▶ [Problem]: Where a line in the records below includes "Deluxe", pull that line out.

◇ ◇ ◇ ◇ ◇

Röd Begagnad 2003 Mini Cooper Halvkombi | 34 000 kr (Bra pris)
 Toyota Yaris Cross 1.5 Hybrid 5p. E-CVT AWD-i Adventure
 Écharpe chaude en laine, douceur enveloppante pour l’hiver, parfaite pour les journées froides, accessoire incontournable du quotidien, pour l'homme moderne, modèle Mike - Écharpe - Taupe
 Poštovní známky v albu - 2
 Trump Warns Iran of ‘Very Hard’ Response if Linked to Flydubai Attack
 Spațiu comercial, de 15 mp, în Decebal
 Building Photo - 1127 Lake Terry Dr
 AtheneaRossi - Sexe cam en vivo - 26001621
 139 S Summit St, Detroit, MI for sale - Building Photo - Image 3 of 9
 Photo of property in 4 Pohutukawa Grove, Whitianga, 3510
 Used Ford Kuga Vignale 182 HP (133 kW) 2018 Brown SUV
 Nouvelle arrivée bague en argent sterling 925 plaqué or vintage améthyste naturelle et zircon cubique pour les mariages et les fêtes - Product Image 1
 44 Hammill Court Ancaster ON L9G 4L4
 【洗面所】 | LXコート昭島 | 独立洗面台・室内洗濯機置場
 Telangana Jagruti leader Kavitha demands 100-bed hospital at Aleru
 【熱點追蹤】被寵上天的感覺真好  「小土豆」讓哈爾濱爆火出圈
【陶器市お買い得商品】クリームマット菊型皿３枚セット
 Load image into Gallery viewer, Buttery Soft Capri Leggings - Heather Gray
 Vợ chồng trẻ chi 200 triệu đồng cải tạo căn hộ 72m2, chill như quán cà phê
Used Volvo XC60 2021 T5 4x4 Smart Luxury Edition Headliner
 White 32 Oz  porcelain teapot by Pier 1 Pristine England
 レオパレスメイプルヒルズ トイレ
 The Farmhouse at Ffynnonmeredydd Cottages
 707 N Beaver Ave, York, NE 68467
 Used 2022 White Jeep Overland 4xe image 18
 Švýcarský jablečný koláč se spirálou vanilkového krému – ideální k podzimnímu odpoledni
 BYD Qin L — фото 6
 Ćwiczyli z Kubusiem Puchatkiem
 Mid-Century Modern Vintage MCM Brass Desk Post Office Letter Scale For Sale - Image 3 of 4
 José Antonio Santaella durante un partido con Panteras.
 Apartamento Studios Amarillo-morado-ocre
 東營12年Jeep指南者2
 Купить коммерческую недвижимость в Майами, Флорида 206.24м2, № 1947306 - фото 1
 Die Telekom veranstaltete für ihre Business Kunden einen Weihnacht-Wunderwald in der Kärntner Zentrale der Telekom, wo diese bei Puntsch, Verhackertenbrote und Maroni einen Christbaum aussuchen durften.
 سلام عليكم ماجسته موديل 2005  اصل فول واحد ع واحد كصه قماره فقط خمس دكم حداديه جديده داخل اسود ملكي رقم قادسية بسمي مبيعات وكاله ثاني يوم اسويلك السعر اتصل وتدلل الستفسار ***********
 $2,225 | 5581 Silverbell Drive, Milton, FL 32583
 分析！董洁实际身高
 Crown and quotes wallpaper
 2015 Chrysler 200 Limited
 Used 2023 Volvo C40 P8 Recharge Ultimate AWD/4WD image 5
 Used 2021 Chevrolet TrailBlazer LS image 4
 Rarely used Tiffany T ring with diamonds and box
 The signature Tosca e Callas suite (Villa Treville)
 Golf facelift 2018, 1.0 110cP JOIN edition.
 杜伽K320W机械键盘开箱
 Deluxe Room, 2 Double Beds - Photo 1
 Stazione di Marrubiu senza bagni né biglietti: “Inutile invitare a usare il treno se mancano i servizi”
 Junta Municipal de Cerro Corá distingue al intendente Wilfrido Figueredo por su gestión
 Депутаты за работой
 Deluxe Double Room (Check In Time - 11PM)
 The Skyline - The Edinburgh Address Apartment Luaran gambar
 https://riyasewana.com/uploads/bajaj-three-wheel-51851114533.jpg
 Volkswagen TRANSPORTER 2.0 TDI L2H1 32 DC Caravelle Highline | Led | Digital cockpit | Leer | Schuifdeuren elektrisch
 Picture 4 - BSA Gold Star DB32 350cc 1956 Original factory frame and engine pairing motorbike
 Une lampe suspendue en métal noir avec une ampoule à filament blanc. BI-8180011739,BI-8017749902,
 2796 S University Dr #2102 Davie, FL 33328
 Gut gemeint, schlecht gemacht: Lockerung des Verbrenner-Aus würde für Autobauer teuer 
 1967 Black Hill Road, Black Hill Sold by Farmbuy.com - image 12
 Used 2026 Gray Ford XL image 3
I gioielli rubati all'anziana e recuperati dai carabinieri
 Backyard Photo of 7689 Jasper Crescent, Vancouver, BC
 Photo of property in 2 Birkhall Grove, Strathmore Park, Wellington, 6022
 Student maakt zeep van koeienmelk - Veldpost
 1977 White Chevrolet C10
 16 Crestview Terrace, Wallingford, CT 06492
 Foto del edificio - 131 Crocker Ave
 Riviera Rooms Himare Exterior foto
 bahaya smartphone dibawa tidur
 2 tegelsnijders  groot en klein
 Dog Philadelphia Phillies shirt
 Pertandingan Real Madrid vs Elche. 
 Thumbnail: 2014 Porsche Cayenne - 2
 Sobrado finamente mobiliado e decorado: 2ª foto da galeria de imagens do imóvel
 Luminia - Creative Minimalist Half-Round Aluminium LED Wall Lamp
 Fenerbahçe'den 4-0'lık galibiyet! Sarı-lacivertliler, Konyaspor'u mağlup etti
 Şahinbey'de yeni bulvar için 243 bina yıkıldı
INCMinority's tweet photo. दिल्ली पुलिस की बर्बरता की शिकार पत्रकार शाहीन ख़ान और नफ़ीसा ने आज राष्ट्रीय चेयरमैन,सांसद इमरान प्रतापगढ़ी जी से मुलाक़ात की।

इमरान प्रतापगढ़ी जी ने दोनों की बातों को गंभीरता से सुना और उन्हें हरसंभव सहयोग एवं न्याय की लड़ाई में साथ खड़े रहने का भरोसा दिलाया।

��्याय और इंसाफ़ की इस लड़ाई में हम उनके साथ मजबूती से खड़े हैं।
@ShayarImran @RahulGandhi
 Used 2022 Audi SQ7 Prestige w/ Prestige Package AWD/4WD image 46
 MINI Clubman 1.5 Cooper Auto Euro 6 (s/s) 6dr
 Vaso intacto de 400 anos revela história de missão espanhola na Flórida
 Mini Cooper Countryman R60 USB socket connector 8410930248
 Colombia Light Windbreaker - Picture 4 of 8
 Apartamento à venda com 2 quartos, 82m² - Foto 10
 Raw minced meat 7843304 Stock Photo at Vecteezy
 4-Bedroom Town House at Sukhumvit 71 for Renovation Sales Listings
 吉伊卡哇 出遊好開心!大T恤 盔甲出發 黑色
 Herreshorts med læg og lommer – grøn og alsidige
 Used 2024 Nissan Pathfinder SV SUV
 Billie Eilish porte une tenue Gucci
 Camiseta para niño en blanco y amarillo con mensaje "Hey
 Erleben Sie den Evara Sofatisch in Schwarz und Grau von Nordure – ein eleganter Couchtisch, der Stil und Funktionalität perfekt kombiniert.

◇ ◇ ◇ ◇ ◇

▶ [Answer space]:
 Deluxe Room, 2 Double Beds - Photo 1
 Deluxe Double Room (Check In Time - 11PM)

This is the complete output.